Уже сорок лет я живу в одном городе. Это моё место, и нигде больше я существовать не могу. Мне нравится, что он большой, как мир, и я переменил много мест, и всегда это был другой город, но он был один, только с множеством лиц.

– Значит, ты издавался? – Роберт отхлебнул остывшего чая, откусил от куска хлеба. Они сидели на подоконнике уже тёплой кухни, разговор шёл ленивый и бездумный, не напрягающий мозги, не заставляющий изображать интерес, не обязывающий отвечать. На улице шёл дождь, и они не спешили выходить, да и куда спешить, их время принадлежало только им.

– В интернете много бесплатных сайтов, где кто угодно может помещать свою писанину. Денег это не приносит, но моральное спокойствие даёт.

– Но ведь и много платных сайтов, не пробовал заработать?

– Берт, люди меркантильны, видел по ТВ рекламу – «Вы экономите 5%!», и толпы через весь город спешат чёрт знает куда, чтобы сэкономить 20 рублей, при этом на дорогу уходит двести. Но удовлетворение от сознания – «Я сэкономил!», оно дорого стоит. Так и с книжками. Чудак весь день будет сидеть в сети, чтобы найти бесплатный вариант, а они всегда есть, надо только знать, где искать, вплоть до взлома моей страницы, а вот просто заплатить 130 рублей, а это цена пачки сигарет, это нельзя, это считается за мотовство и признак неудачника. Люди зомбированы, их настраивают на определённый образ жизни, им вдалбливают стереотипы, и человек покупает телефон за 60 тысяч, хотя вполне может обойтись за три тысячи. А ведь идея стара, как свет, в литературе её использовал Александр Беляев, помнишь «Властелин мира»? Специальное модулированное радиоизлучение воздействовало на психику людей и внушало им всё, что угодно, вплоть до суицида. У Беляева это блокировалось просто любым металлическим экраном, проволочной сеточкой на голове, например. Стругацкие идею развили, их излучение не экранировалось ничем, от него вообще не было защиты, и люди воспринимали свои мотивации, как естественные. Зомбирование интернетом, телевидением, СМИ строится по другим принципам, и страшно здесь другое, люди сейчас не дураки, всё понимают, но они ХОТЯТ этого, более того, поставь им лимит, и они взбунтуются. Они хотят этого, ведь оно так интересно, эти ролики с дутыми звёздочками, хамство текстов, развязные артисты, это ведь так прикольно! Это культура, Роб Рой!

 

– А… Гена, почему в зоне ты не говорил об этом? Всё-таки там ты мог набрать много материала…

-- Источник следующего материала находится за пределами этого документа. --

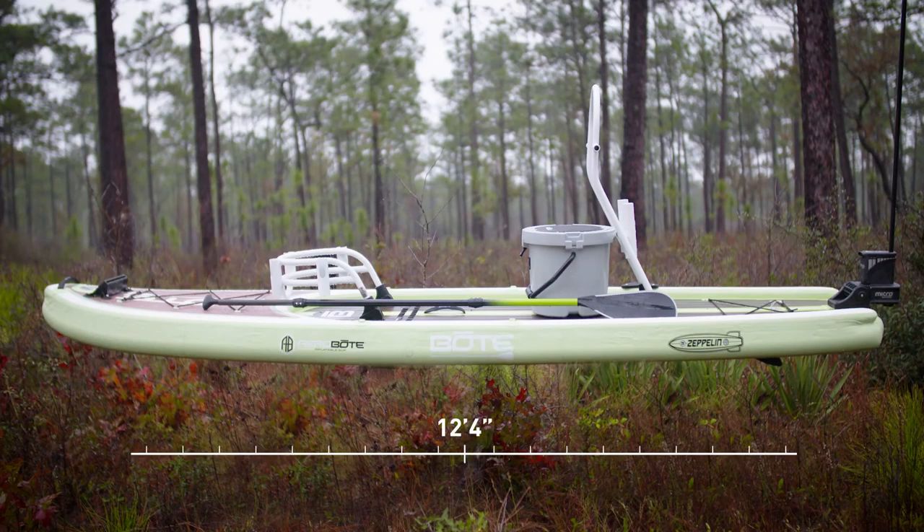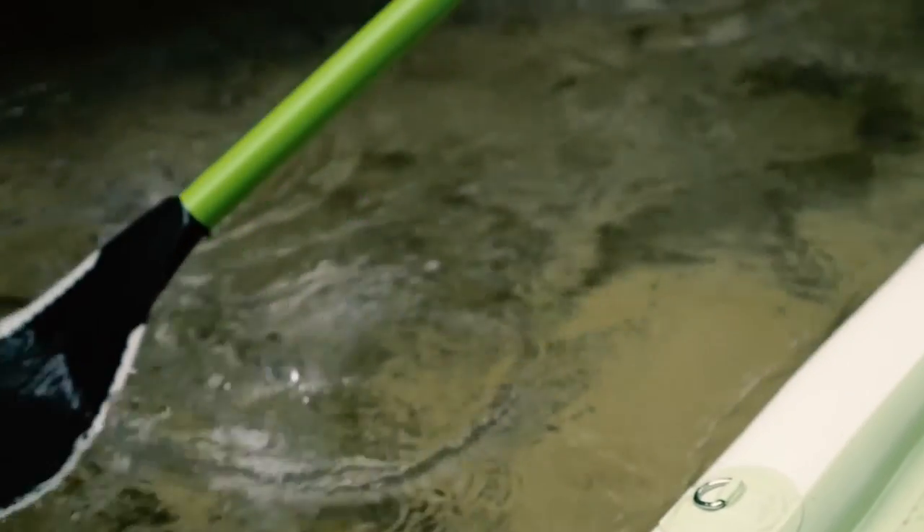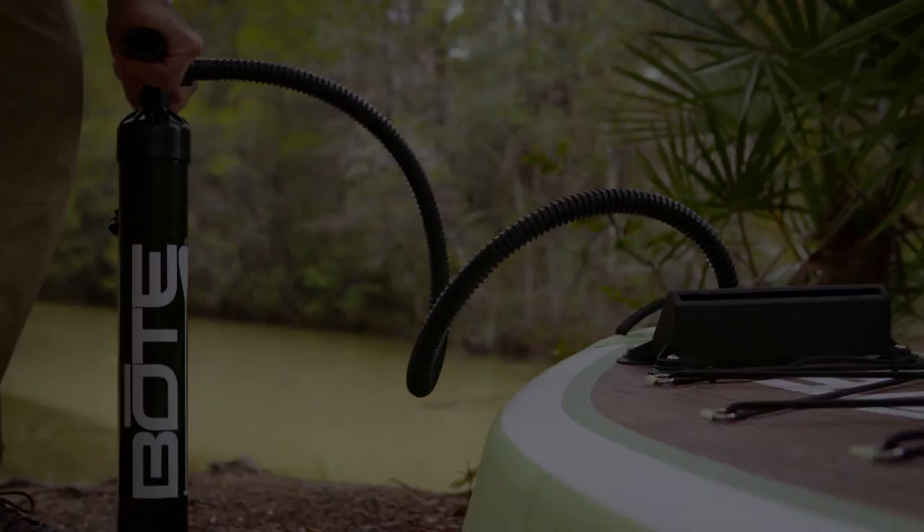The Zeppelin is 12'4" and sports a capacity of 450 pounds. This titan comes with its own rolling travel bag, fiberglass paddle, center fin, and pump in one convenient package.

– Смеёшься? Расспрашивать бродягу о его жизни, это чревато, знаешь-ли… Будучи в «Крестах» до суда, я попробовал делать заметки, ведь всё было внове, незнакомым, таящим подводные камни и пороги. Меня тут-же обвинили в доносительстве, устроили правилку. Еле доказал, что ничего плохого не имею. Но сам факт фиксирования событий «хаты», это уже преступление. К счастью, у русских людей к писателям в крови непонятный пиетет, с меня сняли предъяву, но предупредили. С тех пор выработался блок, ничем подобным на людях не заниматься. Сейчас это глупость, конечно, и можно вернуться к писательству. Ноутбук-бы мне! Хотя, пользы нам от этого было-бы не много…

Роберт пожал плечами, ничего не сказал, но задумался. С некоторых пор он стал воспринимать Геннадия кем-то вроде старшего в семье, старшего не по опыту и годам, но по ответственности, и после этого разговора сделал памятку в голове.